El actual modelo mantiene la presencia abusiva del automóvil y lo único que acabará provocando es más retenciones en las vías cercanas a la vía pacificada

 Todo quisque sabe, eso sí, que las ciudades del futuro serán mucho más individualizadas, los trayectos comportarán poco más de un cuarto de hora y la presencia de vehículos como el patinete eléctrico o la bicicleta serán crecientes. Es muy lógico que la nueva presencia tensione la movilidad; el año pasado, por ejemplo, la Guardia Urbana acabó multando a 19.796 conductores de patinetes, la mayoría de los cuales por circular por una zona prohibida, saltarse un semáforo y conducir con auriculares o sin casco. Se nota que la bofia barcelonesa cabalga poco por Ciutat Vella, porque calles como la de servidora –aparentemente destinada a peatones– se han convertido en una auténtica autopista de estos vehículos y la mayoría de sus conductores son, por decirlo con mucha suavidad, más bien poco tolerantes con la presencia de la gente que todavía tenemos el curioso hábito de andar. No sorprende el fenómeno, insisto, sino la falta de control.

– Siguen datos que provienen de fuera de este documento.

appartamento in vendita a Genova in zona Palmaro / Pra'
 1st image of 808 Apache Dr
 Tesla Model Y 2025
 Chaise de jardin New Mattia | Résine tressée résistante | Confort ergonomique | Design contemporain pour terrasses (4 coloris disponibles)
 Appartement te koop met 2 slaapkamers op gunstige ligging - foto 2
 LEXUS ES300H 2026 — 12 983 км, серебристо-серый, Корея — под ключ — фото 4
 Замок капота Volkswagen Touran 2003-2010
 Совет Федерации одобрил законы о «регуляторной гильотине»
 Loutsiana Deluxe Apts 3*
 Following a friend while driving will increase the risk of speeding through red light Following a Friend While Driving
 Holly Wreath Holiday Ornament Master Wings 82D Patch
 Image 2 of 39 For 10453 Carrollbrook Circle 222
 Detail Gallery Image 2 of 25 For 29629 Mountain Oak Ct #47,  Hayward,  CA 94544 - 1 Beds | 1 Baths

No es de extrañar que, con datos del Ayuntamiento, la siniestralidad de accidentes relativos a un patinete se haya multiplicado de forma exponencial en cifras de un 25% anuales. Ayer mismo sabíamos que nuestra ciudad será de las primeras en exigir que los patinadores lleven casquete, eviten circular con un acompañante y no ocupen las aceras. Esta legislación llega tarde, porque muchas zonas peatonales ya han naturalizado la omnipresencia de tales vehículos (y, también hay que decirlo, parte de la ciudadanía la ha normalizado a base de alimentarse únicamente con la dieta Glovo). Si ciudades como la nuestra pacifican las calles de una forma aleatoria, sufriendo todavía de un transporte público harto deficiente, este tipo de transporte aumentará de forma exponencial y ni la mejor policía del mundo será capaz de controlarlo. Éste es, en definitiva y como suele ocurrir, el resultado de hacer las cosas tarde y a medias.

Barcelona podría ser una ciudad de supermanzanas y patinetes, pero mucho me temo que acabará siendo una urbe donde la proeza de andar será cada día más difícil.